Tim looked at the side of his passenger’s face.
“I know less about Texas than I do about Colorado, but the way forward doesn’t look much better than the way we came.”
The boy, Chester, a beanstalk for sixteen, had one hand firmly jammed into a green Jansport backpack with a tear across the top, right where the zippers met. Inside the bag were the three things the boy owned besides the ratty sweatshirt on his shoulders, jeans, and the shoes on his feet, which looked a size or two too small. The bag contained a ball cap with a catfish motif on the front above bold lettering that said “New Orleans,” a toothbrush, and a stack of legal paperwork that dictated the rest of his childhood.
Of the three, Tim guessed the boy’s hands held the papers, in the same way an excitable child might hold onto a toy freshly rescued from Walmart, as if letting it go before the car got home would cause it to disappear like smoke.
Chester Turzinski was now Chester Atwater again.

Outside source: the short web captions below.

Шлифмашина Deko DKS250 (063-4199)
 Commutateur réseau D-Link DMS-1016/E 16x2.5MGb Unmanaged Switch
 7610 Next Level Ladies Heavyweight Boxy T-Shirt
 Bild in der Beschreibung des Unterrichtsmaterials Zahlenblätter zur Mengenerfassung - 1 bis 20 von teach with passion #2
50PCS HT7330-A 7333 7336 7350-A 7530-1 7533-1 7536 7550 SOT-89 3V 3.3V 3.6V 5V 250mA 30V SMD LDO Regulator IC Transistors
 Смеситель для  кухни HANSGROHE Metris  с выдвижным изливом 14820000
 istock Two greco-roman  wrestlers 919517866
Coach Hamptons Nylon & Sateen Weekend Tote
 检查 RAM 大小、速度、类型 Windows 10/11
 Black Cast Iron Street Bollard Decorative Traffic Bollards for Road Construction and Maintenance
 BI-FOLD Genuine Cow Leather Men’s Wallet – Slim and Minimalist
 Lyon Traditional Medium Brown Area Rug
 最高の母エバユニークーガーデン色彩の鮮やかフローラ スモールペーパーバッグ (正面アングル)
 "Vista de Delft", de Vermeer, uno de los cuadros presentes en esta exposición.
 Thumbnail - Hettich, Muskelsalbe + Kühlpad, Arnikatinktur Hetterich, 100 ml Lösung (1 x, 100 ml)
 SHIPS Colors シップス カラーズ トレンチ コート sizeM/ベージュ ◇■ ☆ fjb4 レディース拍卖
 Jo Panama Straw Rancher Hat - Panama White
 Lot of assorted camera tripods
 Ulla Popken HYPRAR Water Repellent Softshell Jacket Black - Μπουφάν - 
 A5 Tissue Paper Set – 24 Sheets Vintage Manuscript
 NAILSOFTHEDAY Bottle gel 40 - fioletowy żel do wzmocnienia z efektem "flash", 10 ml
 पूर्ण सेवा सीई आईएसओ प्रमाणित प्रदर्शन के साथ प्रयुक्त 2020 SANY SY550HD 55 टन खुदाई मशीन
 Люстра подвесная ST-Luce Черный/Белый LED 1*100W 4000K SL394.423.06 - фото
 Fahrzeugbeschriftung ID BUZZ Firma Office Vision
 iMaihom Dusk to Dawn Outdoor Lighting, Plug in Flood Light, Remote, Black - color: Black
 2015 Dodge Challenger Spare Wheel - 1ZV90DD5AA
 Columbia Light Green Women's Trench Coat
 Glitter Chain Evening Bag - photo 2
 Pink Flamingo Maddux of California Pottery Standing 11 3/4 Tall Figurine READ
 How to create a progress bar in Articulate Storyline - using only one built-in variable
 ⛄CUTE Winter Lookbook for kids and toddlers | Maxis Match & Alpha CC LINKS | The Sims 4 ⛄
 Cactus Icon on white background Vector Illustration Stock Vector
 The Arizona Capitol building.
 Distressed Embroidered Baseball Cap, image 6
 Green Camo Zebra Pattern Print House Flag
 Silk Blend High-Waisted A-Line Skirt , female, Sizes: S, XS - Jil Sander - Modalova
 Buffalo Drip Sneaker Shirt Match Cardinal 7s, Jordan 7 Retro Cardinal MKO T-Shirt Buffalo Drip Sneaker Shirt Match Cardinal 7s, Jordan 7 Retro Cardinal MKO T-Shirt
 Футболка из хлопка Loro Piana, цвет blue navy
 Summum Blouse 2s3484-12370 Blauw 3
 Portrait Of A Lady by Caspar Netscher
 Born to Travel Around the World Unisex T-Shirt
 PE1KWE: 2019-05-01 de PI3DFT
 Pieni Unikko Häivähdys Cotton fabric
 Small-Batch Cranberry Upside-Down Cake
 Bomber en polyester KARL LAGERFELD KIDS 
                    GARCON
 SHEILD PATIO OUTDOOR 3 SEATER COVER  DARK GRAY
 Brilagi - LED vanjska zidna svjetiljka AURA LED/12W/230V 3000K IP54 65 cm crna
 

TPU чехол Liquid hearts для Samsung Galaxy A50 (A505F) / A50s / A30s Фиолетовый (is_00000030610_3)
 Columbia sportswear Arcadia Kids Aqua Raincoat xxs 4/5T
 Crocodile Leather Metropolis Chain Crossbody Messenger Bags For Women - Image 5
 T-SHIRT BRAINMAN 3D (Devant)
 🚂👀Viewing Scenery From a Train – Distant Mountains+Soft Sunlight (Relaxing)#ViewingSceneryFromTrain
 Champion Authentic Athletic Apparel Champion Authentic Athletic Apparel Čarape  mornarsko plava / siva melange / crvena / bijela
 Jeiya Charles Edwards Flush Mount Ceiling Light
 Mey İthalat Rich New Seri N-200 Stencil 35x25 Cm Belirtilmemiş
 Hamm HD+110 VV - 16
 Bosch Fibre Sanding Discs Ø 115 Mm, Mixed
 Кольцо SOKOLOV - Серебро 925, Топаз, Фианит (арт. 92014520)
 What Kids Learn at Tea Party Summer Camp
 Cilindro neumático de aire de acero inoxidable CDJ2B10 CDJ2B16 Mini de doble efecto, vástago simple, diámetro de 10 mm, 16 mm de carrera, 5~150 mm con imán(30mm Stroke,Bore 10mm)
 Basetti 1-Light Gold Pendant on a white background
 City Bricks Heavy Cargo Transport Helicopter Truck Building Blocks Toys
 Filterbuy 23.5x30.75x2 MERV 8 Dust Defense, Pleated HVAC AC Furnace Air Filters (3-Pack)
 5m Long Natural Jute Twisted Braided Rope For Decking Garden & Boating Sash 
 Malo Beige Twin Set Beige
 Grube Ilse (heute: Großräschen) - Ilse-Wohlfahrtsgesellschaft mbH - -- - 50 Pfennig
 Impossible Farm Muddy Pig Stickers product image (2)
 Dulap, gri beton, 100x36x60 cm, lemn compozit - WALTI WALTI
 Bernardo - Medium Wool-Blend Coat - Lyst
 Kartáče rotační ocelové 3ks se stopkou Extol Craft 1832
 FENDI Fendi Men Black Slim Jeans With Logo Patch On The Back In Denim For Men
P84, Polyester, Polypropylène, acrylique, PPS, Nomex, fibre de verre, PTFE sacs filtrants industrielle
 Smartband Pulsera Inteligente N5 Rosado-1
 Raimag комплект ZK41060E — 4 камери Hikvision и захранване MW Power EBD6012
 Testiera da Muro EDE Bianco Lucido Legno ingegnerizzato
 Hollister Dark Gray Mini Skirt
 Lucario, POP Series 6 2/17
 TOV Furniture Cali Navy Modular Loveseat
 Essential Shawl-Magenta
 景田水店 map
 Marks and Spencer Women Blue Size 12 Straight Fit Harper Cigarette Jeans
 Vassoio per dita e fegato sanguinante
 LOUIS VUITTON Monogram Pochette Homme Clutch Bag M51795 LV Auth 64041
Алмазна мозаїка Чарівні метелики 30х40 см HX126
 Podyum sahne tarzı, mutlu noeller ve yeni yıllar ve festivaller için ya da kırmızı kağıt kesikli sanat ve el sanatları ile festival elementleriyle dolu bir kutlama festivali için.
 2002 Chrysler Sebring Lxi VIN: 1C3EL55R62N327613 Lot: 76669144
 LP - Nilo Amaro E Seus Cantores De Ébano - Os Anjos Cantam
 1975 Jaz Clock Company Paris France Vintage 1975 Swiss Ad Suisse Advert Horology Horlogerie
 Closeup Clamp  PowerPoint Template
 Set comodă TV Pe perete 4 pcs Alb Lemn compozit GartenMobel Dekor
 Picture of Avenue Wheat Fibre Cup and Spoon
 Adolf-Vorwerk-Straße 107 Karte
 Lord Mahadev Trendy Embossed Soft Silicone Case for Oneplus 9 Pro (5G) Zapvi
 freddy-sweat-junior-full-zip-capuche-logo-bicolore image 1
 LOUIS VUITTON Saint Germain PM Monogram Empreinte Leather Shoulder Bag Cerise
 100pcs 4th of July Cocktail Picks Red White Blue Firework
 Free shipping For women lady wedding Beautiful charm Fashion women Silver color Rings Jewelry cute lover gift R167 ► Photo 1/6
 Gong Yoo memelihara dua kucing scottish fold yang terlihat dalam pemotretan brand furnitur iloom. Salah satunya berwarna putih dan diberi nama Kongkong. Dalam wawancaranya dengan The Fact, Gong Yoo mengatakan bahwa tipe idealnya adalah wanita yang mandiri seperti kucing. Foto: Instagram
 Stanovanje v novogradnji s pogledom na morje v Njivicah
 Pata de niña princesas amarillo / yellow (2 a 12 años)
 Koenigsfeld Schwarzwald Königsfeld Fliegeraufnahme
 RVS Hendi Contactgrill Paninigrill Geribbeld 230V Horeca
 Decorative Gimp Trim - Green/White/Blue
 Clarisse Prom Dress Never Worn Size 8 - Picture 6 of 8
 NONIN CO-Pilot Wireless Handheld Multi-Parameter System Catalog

The light changed from red to green and Tim pressed on the accelerator. He shrugged one shoulder, then the other, and sank into the worn seat until his coat covered his mouth and nose. He sported a haphazard bowl cut that covered the rest of his face. Tim thought he looked akin to a meerkat he’d once seen at the Colorado Zoo. Kate had pointed it out to him, and it, too, had looked like it was afraid of its own shadow.
Chester looked like that meerkat now―nervous for the world.
Two hours later, no more than a few throat-clearing coughs had been uttered. Tim swung through a Dairy Queen drive-through, where he was served by a questionably sour attendant, and he and Chester listened to the pickup’s crackly radio while munching on greasy chicken and half-melted ice cream as the Chevy ate up the road. Kate, who would have sat in Chester’s seat, loved the old truck, because it was nothing for her to toss her trash on the floorboards. Hell, it was almost expected.
Kate would have loved the road trip, the adventure of it all―“making memories,” she’d called it.
Tim turned away from Chester, changed lanes, and took the bridge, moving further east. He continued like this until the ice cream was gone, its melted remains dried in the cup, and the boy was asleep.